Namun, jika dilihat lebih dalam dari sudut pandang keadilan, pasal tersebut potensial disalahgunakan dan bias terkait larangan diskriminasi dalam persyaratan lowongan pekerjaan.
Guntur menilai bahwa frasa “merekrut sendiri tenaga kerja yang dibutuhkan” dalam Pasal 33 ayat (1) UU Ketenagakerjaan memberikan ruang bagi pemberi kerja untuk menerapkan syarat subjektif seperti “berpenampilan menarik” yang tidak jelas dan menimbulkan ketidakpastian hukum.

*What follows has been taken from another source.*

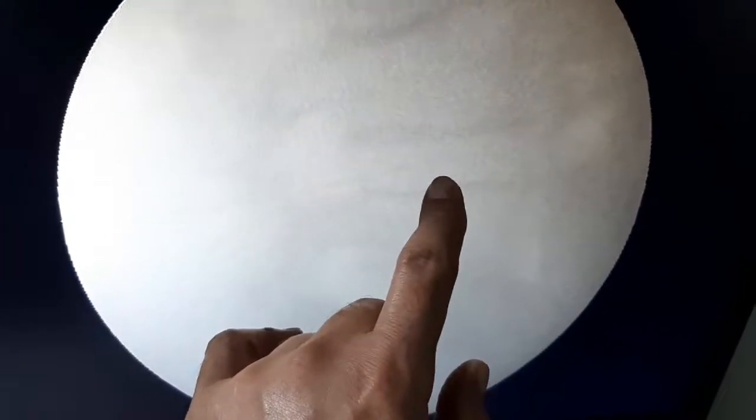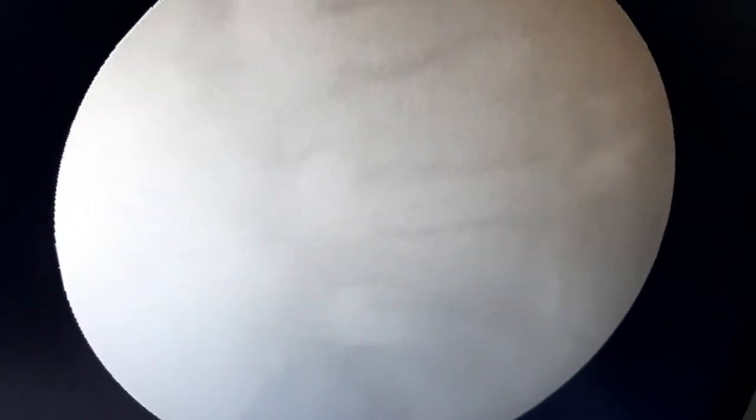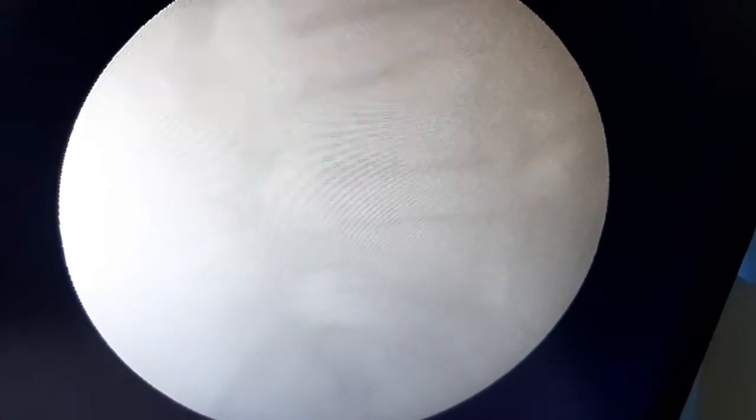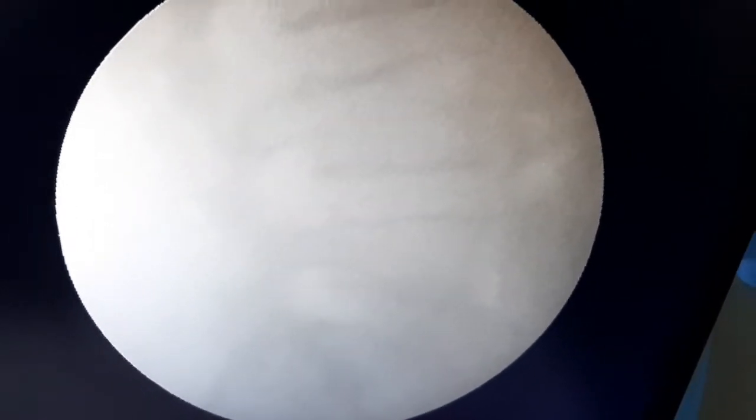This is the lateral view. It is not very clear, but if you can see, this needle is in the center of the disc. With the intra-discal needle in place, I had options: I could add ozone, I could add PRP, or I could add steroids. The patient wanted PRP, but I added steroids.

“Saya berpandangan, adanya lowongan pekerjaan yang mensyaratkan adanya usia tertentu memang dapat menghambat masyarakat yang sejatinya memiliki kompetensi dan pengalaman lebih namun terhalang usia. Apalagi, pembatasan demikian tentunya bertentangan dengan prinsip yang selama ini saya pegang teguh dalam memutus perkara di Mahkamah Konstitusi yakni prinsip memberi kesempatan dan menghapus pembatasan (to give opportunity and abolish restriction) secara rasional, adil, dan akuntabel,” jelas Guntur.
Guntur juga merujuk bahwa UU 13/2003 maupun Konvensi International Labour Organization (ILO) tidak mengatur batas maksimum usia seseorang boleh bekerja, meskipun faktanya banyak pemberi kerja yang menerapkan syarat usia dalam lowongan pekerjaan.

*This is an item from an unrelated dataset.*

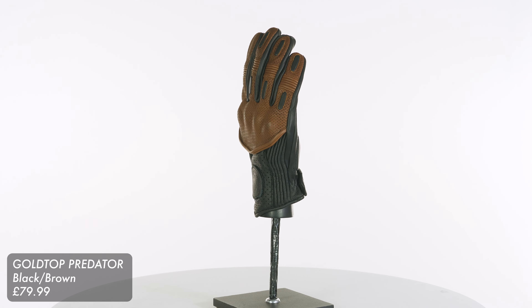Now they look deceptively simple but they've got lots of reinforcement and a decent amount of armour on them, making them one of Goldtop's most reinforced gloves. It starts, as always with Goldtop, with the quality leather. They have a drum dyed aniline cowhide leather on this — it's one millimetre thick. It is a little bit tougher than you'll find with their jackets. It will take a little bit of breaking in but once broken in it'll be so soft and comfortable.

Atas pertimbangan tersebut, Guntur Hamzah menilai gugatan seharusnya dikabulkan sebagian dengan mengubah Pasal 33 ayat (1) UU Ketenagakerjaan menjadi: “Pemberi kerja yang memerlukan tenaga kerja dapat merekrut sendiri tenaga kerja yang dibutuhkan atau melalui pelaksana penempatan tenaga kerja dilarang mengumumkan lowongan pekerjaan yang mensyaratkan usia, berpenampilan menarik, ras, warna kulit, jenis kelamin, agama, pandangan politik, kebangsaan atau asal usul keturunan, kecuali ditentukan lain oleh peraturan perundang-undangan.”